Friday, January 21, 2011
Have You Heard Of Upper Cervical Care?
by Mindy Drake D.C.
If not, you’re not alone. Most people haven’t, and the funny name kind of makes you wonder what type of care this is? When we speak about ‘upper cervical care‘, we’re actually referring to the area of the upper spine that connects your head to your neck. There are 24 vertebrae in your spine- they’re like little square donuts stacked on top of each other, forming a tunnel for your spinal cord, and the spaces between them are like exit windows for all of your nerves. Your spine is really just a very ‘drafty’ house for your nervous system!
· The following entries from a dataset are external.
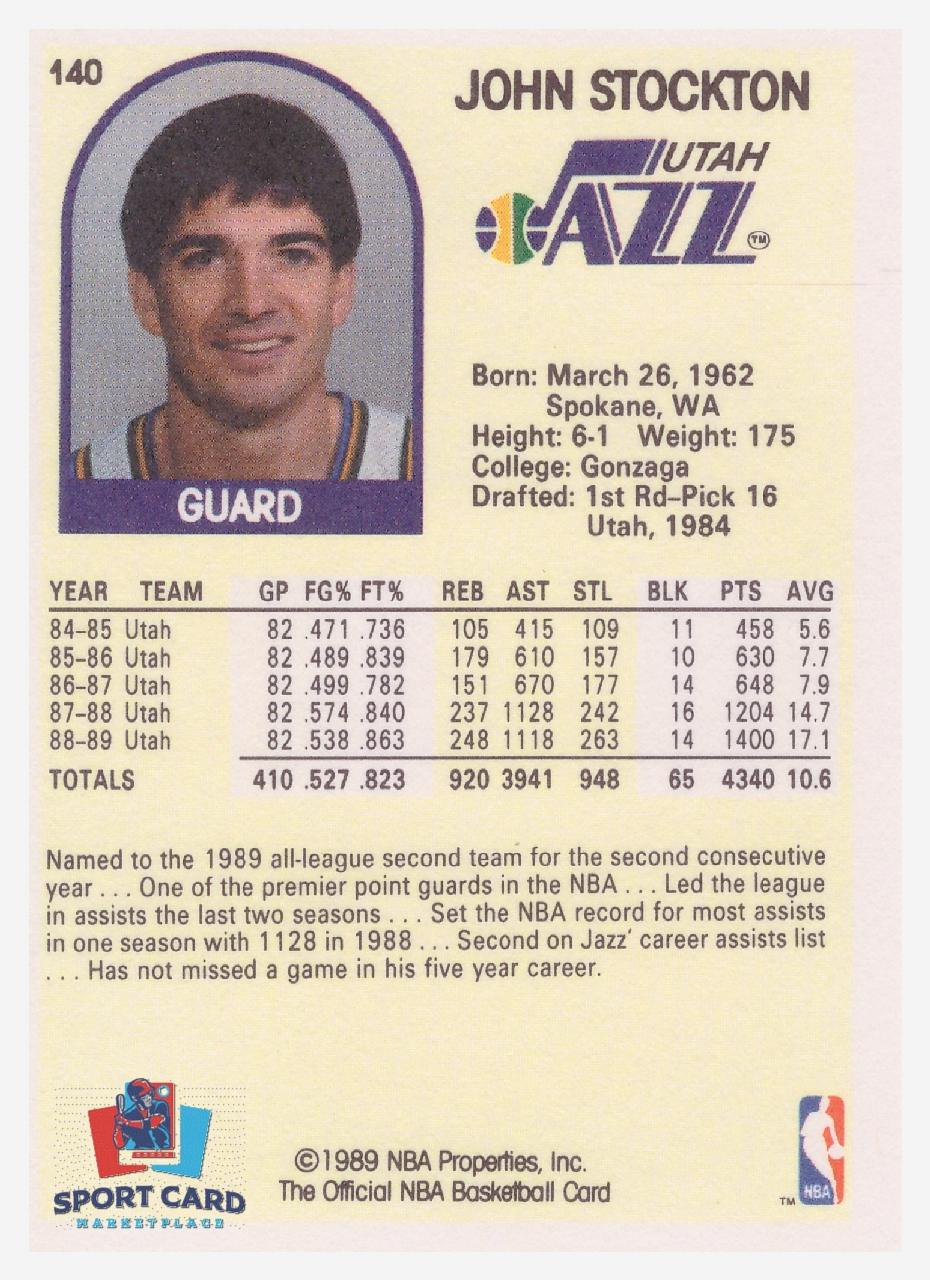 1989-90 NBA Hoops #140 John Stockton / Utah Jazz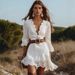 Women's Clothing Lace Trim V-Neck Flowy Midi Dress – Elegant Solid Color Summer Dress For Women_ecoleips.com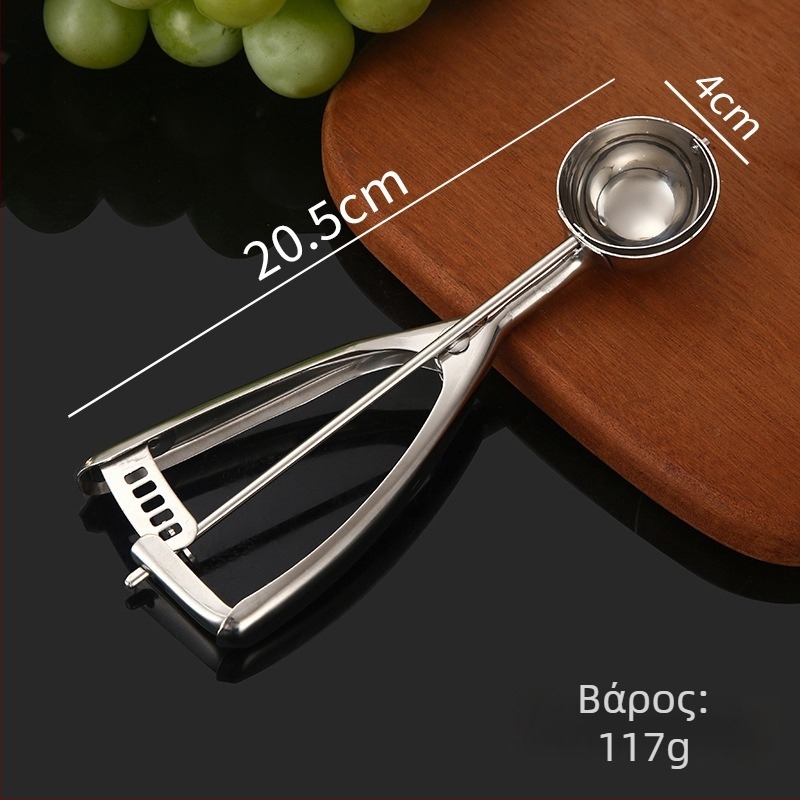 Κουτάλι παγωτού από ανοξείδωτο 304 με παχύ σχεδιασμό, με μετρητικό κουτάλι και εξολκέα για μπάλες φρούτων, επιδόρπιο κουτάλι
The top seven vertebrae are called your ‘cervical spine’, basically meaning the ‘bridge’ between your head and your body. The very top two vertebra, right up near your head, are the ‘upper cervical’ spine, and they have the very important job of holding up your head, allowing it to move in all directions, and they also surround and protect your brain stem. The design of this area makes it the weak spot in your body, and it’s very vulnerable to injury. Now, your brain stem is the most important part of your body- it’s kind of like your battery, and all of the nerves in your whole body eventually travel into the brain stem, either from the spinal cord below, or from the brain above. If those two very special vertebrae at the top of the neck, called the Atlas (C1) and the Axis (C2) are not in perfect alignment due to trauma or an accident, often the nerves that come out of that area can be irritated, and can cause pain and dysfunction. Usually the pain will start slowly, and get worse as the bones are misaligned for a longer period of time.
C1 and C2: Atlas and Axis
Upper cervical doctors require additional training to learn how to adjust the top of the neck precisely and gently; there are a few different techniques for this very precise work (N.U.C.C.A, Knee Chest, Toggle Recoil, Grostic/Orthospinology, Atlas Orthogonal and Blair). It’s very similar to all of the others, but involves a little different analysis of the spine, and some additional muscle testing.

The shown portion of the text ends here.